# Hit Plateau - Need some BIG advice



## cramlow (Jul 7, 2015)

Gents/Beasts - Looking for advice on what supplement or otherwise, not steroids please (dont want to loose my hair or man bits), for help putting on about 15 pounds of muscle in about 3 months. I lift three days a week with a day break in between.
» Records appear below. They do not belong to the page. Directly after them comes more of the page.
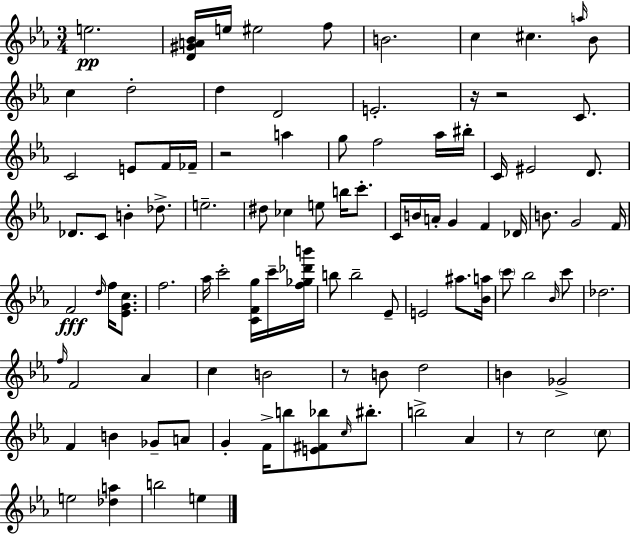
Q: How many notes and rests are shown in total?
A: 100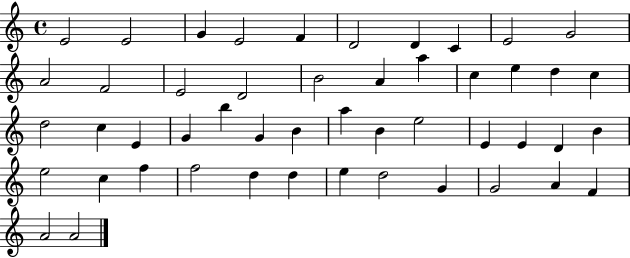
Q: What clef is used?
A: treble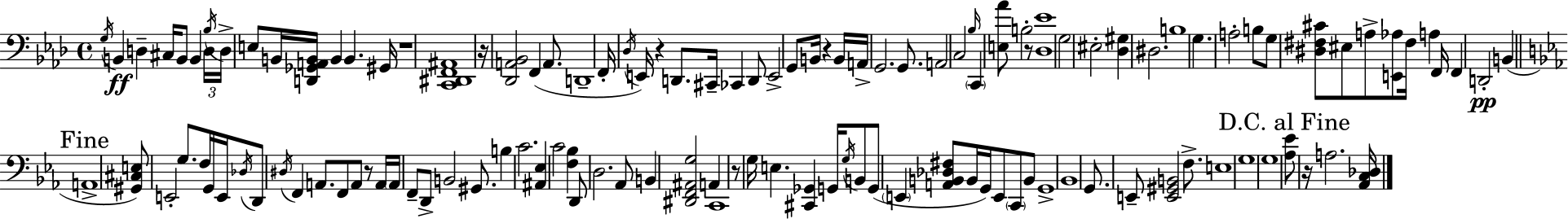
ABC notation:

X:1
T:Untitled
M:4/4
L:1/4
K:Fm
G,/4 B,, D, ^C,/4 B,,/2 B,, D,/4 _B,/4 D,/4 E,/2 B,,/4 [D,,_G,,A,,B,,]/4 B,, B,, ^G,,/4 z4 [C,,^D,,F,,^A,,]4 z/4 [_D,,A,,_B,,]2 F,, A,,/2 D,,4 F,,/4 _D,/4 E,,/4 z D,,/2 ^C,,/4 _C,, D,,/2 E,,2 G,,/2 B,,/4 z B,,/4 A,,/4 G,,2 G,,/2 A,,2 C,2 _B,/4 C,, [E,_A]/2 B,2 z/2 [_D,_E]4 G,2 ^E,2 [_D,^G,] ^D,2 B,4 G, A,2 B,/2 G,/2 [^D,^F,^C]/2 ^E,/2 A,/2 [E,,_A,]/2 ^F,/4 A, F,,/4 F,, D,,2 B,, A,,4 [^G,,^C,E,]/2 E,,2 G,/2 F,/4 G,,/4 E,,/4 _D,/4 D,,/2 ^D,/4 F,, A,,/2 F,,/2 A,,/2 z/2 A,,/4 A,,/4 F,,/2 D,,/2 B,,2 ^G,,/2 B, C2 [^A,,_E,] C2 [F,_B,] D,,/2 D,2 _A,,/2 B,, [^D,,F,,^A,,G,]2 A,, C,,4 z/2 G,/4 E, [^C,,_G,,] G,,/4 G,/4 B,,/2 G,,/2 E,, [A,,B,,_D,^F,]/2 B,,/4 G,,/4 E,,/2 C,,/2 B,,/2 G,,4 _B,,4 G,,/2 E,,/2 [E,,^G,,B,,]2 F,/2 E,4 G,4 G,4 [_A,_E]/2 z/4 A,2 [_A,,C,_D,]/4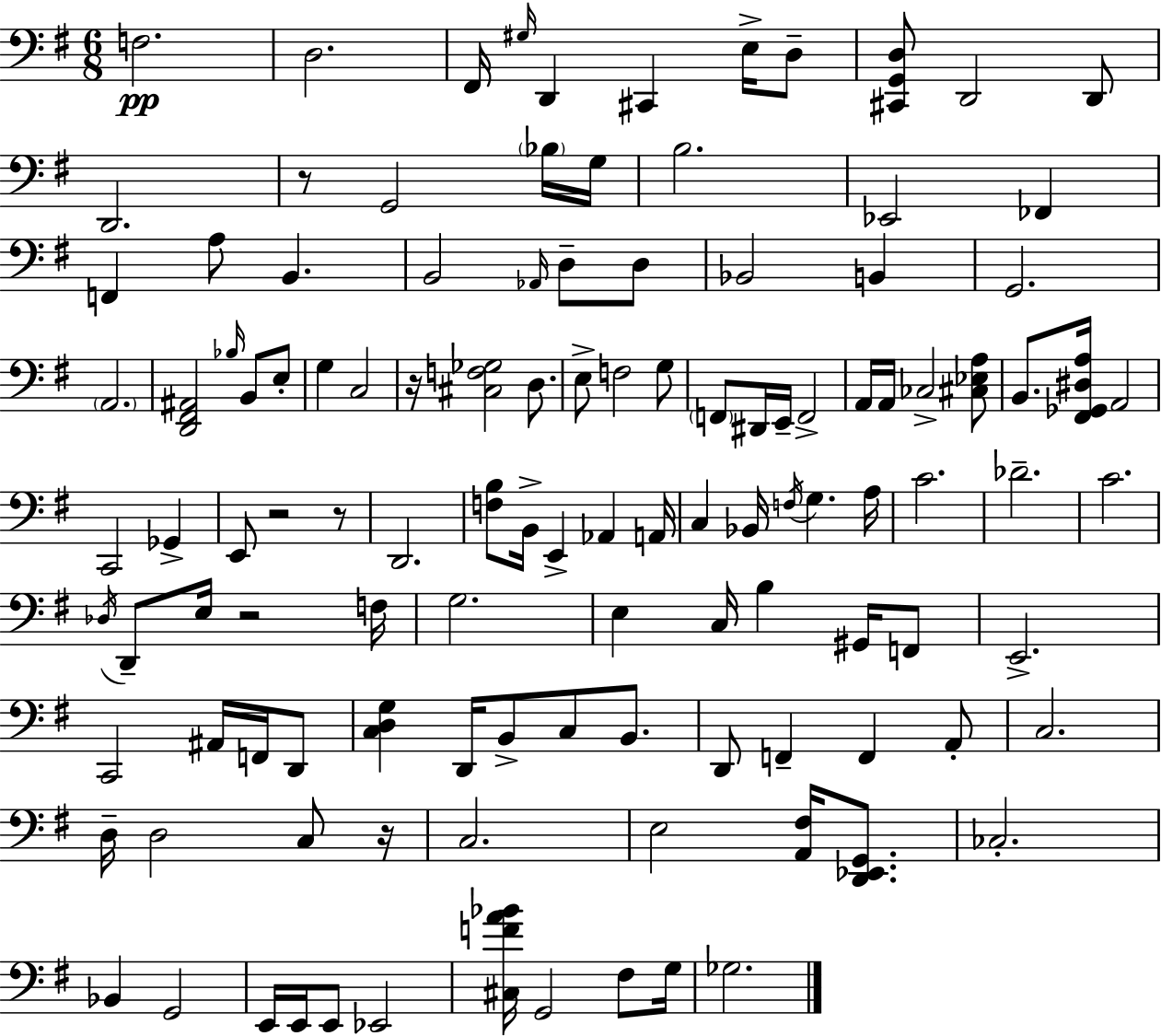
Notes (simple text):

F3/h. D3/h. F#2/s G#3/s D2/q C#2/q E3/s D3/e [C#2,G2,D3]/e D2/h D2/e D2/h. R/e G2/h Bb3/s G3/s B3/h. Eb2/h FES2/q F2/q A3/e B2/q. B2/h Ab2/s D3/e D3/e Bb2/h B2/q G2/h. A2/h. [D2,F#2,A#2]/h Bb3/s B2/e E3/e G3/q C3/h R/s [C#3,F3,Gb3]/h D3/e. E3/e F3/h G3/e F2/e D#2/s E2/s F2/h A2/s A2/s CES3/h [C#3,Eb3,A3]/e B2/e. [F#2,Gb2,D#3,A3]/s A2/h C2/h Gb2/q E2/e R/h R/e D2/h. [F3,B3]/e B2/s E2/q Ab2/q A2/s C3/q Bb2/s F3/s G3/q. A3/s C4/h. Db4/h. C4/h. Db3/s D2/e E3/s R/h F3/s G3/h. E3/q C3/s B3/q G#2/s F2/e E2/h. C2/h A#2/s F2/s D2/e [C3,D3,G3]/q D2/s B2/e C3/e B2/e. D2/e F2/q F2/q A2/e C3/h. D3/s D3/h C3/e R/s C3/h. E3/h [A2,F#3]/s [D2,Eb2,G2]/e. CES3/h. Bb2/q G2/h E2/s E2/s E2/e Eb2/h [C#3,F4,A4,Bb4]/s G2/h F#3/e G3/s Gb3/h.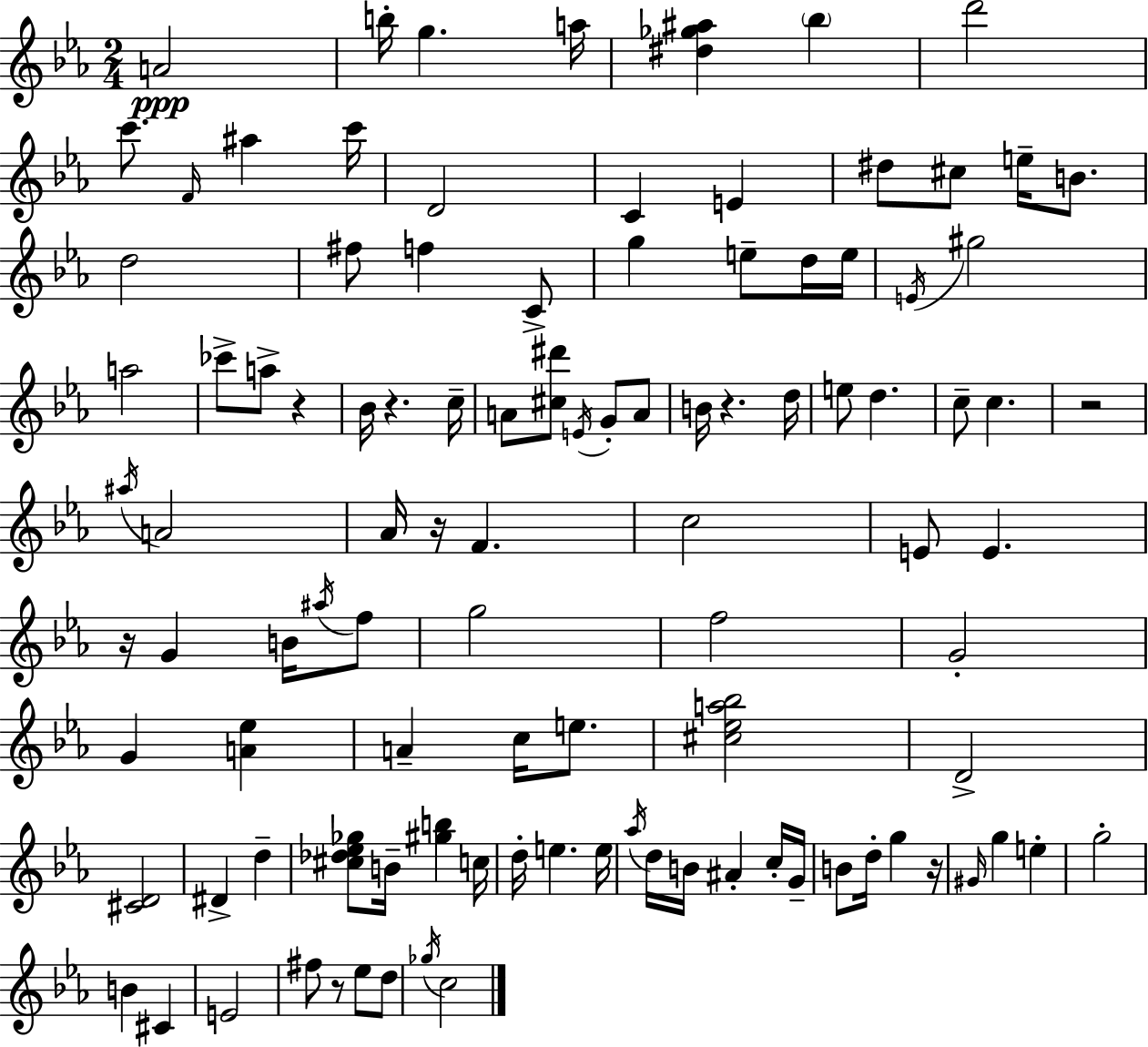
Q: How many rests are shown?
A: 8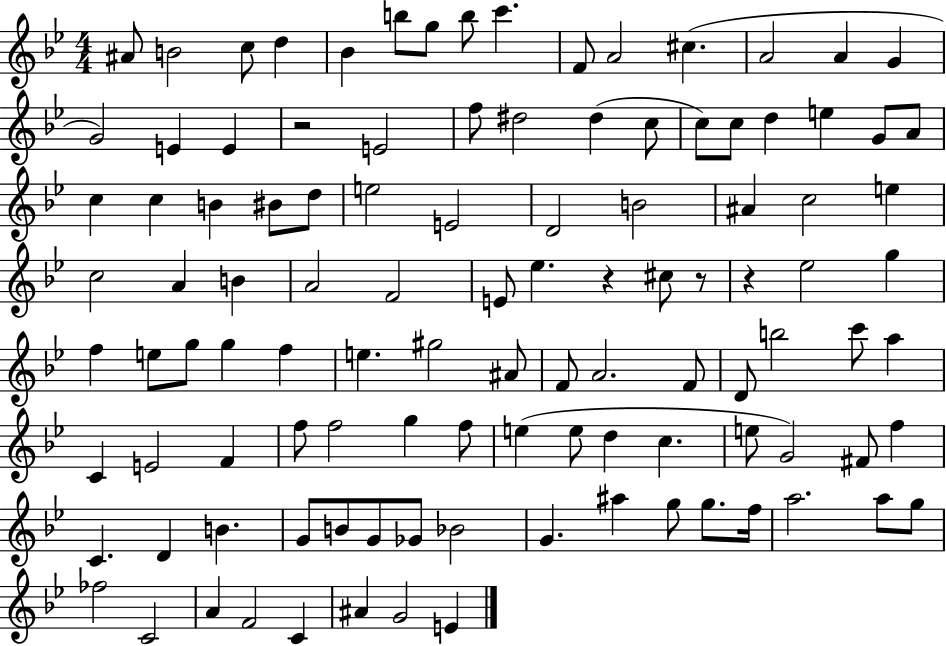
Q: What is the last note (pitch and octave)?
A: E4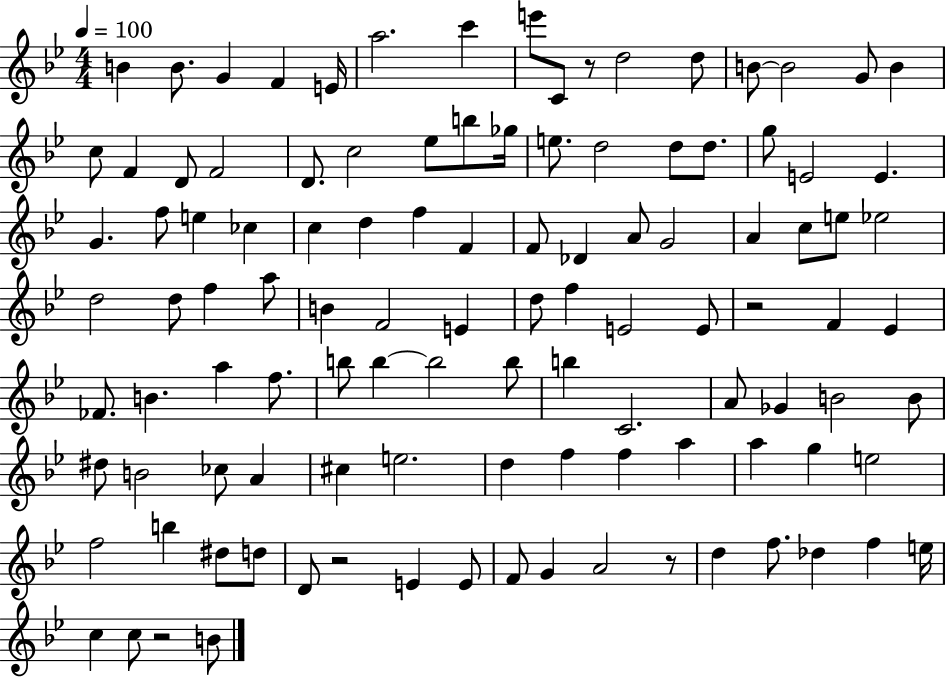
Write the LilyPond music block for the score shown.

{
  \clef treble
  \numericTimeSignature
  \time 4/4
  \key bes \major
  \tempo 4 = 100
  b'4 b'8. g'4 f'4 e'16 | a''2. c'''4 | e'''8 c'8 r8 d''2 d''8 | b'8~~ b'2 g'8 b'4 | \break c''8 f'4 d'8 f'2 | d'8. c''2 ees''8 b''8 ges''16 | e''8. d''2 d''8 d''8. | g''8 e'2 e'4. | \break g'4. f''8 e''4 ces''4 | c''4 d''4 f''4 f'4 | f'8 des'4 a'8 g'2 | a'4 c''8 e''8 ees''2 | \break d''2 d''8 f''4 a''8 | b'4 f'2 e'4 | d''8 f''4 e'2 e'8 | r2 f'4 ees'4 | \break fes'8. b'4. a''4 f''8. | b''8 b''4~~ b''2 b''8 | b''4 c'2. | a'8 ges'4 b'2 b'8 | \break dis''8 b'2 ces''8 a'4 | cis''4 e''2. | d''4 f''4 f''4 a''4 | a''4 g''4 e''2 | \break f''2 b''4 dis''8 d''8 | d'8 r2 e'4 e'8 | f'8 g'4 a'2 r8 | d''4 f''8. des''4 f''4 e''16 | \break c''4 c''8 r2 b'8 | \bar "|."
}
Currently I'm 175, 5'8, 44, about 10% body fat, been lifting for about 12 years. I've not been able to grow any bigger but I also havent been eating a lb of protein per lb of weight. Should I focus on protein or get some helpful magical pills, or both?

Thanks guys


----------



## whitelml (Jul 7, 2015)

Whats your diet like ?  Are you eating at maintenance or a surplus.  Food always helps with size.


----------



## McDuffy (Jul 7, 2015)

15 lbs of muscle in 3 months without steroids is impossible


----------



## whitelml (Jul 7, 2015)

Muscletech might work


----------



## PillarofBalance (Jul 7, 2015)

I would echo mcduffy. And supps don't work except creatine.

So try this,

1. Creatine monohydrate at 5g per day

2. Poptarts intraworkout

3.  Train with heavier weight for lower reps for a while.


----------



## DieYoungStrong (Jul 7, 2015)

PillarofBalance said:


> I would echo mcduffy. And supps don't work except creatine.
> 
> So try this,
> 
> ...



Do all this, but be realistic. 15 pounds of muscle is NOT going to happen in 3 months. It's pretty much impossible. Just try to make the best progress you can and keep pushing forward.


----------



## cramlow (Jul 7, 2015)

Solid advice, I'll tap it all in. Thanks


----------



## McDuffy (Jul 7, 2015)

also steroids won't make u lose ur man bits, they'll just get small for a period of time


----------



## ECKSRATED (Jul 7, 2015)

#teamnattywithbigmanbits


----------



## PillarofBalance (Jul 7, 2015)

McDuffy said:


> also steroids won't make u lose ur man bits, they'll just get small for a period of time



Which makes your dick look bigger and cuts down in trauma to them


----------



## mickems (Jul 7, 2015)

McDuffy said:


> also steroids won't make u lose ur man bits, they'll just get small for a period of time



don't let people know that. that's the excuse I use for having a small pp.


----------



## mickems (Jul 7, 2015)

cramlow said:


> Gents/Beasts - Looking for advice on what supplement or otherwise, not steroids please (dont want to loose my hair or man bits), for help putting on about 15 pounds of muscle in about 3 months. I lift three days a week with a day break in between.
> 
> Currently I'm 175, 5'8, 44, about 10% body fat, been lifting for about 12 years. I've not been able to grow any bigger but I also havent been eating a lb of protein per lb of weight. Should I focus on protein or get some helpful magical pills, or both?
> 
> ...



there is only one magic pill. that's discipline. oh yeah, and Cialis.


----------



## Dex (Jul 7, 2015)

So you have been lifting for 12 years? And 44 is your age? According to the models, you are already at the max for a 5'8" person at 10% body fat. So if this is true, you must be a hardcore natty bodybuilder. I would suggest going pro.


----------



## HDH (Jul 8, 2015)

Food, food and food.

It'll take a good year for 15lbs. That's a no BS solid year of full time dedication.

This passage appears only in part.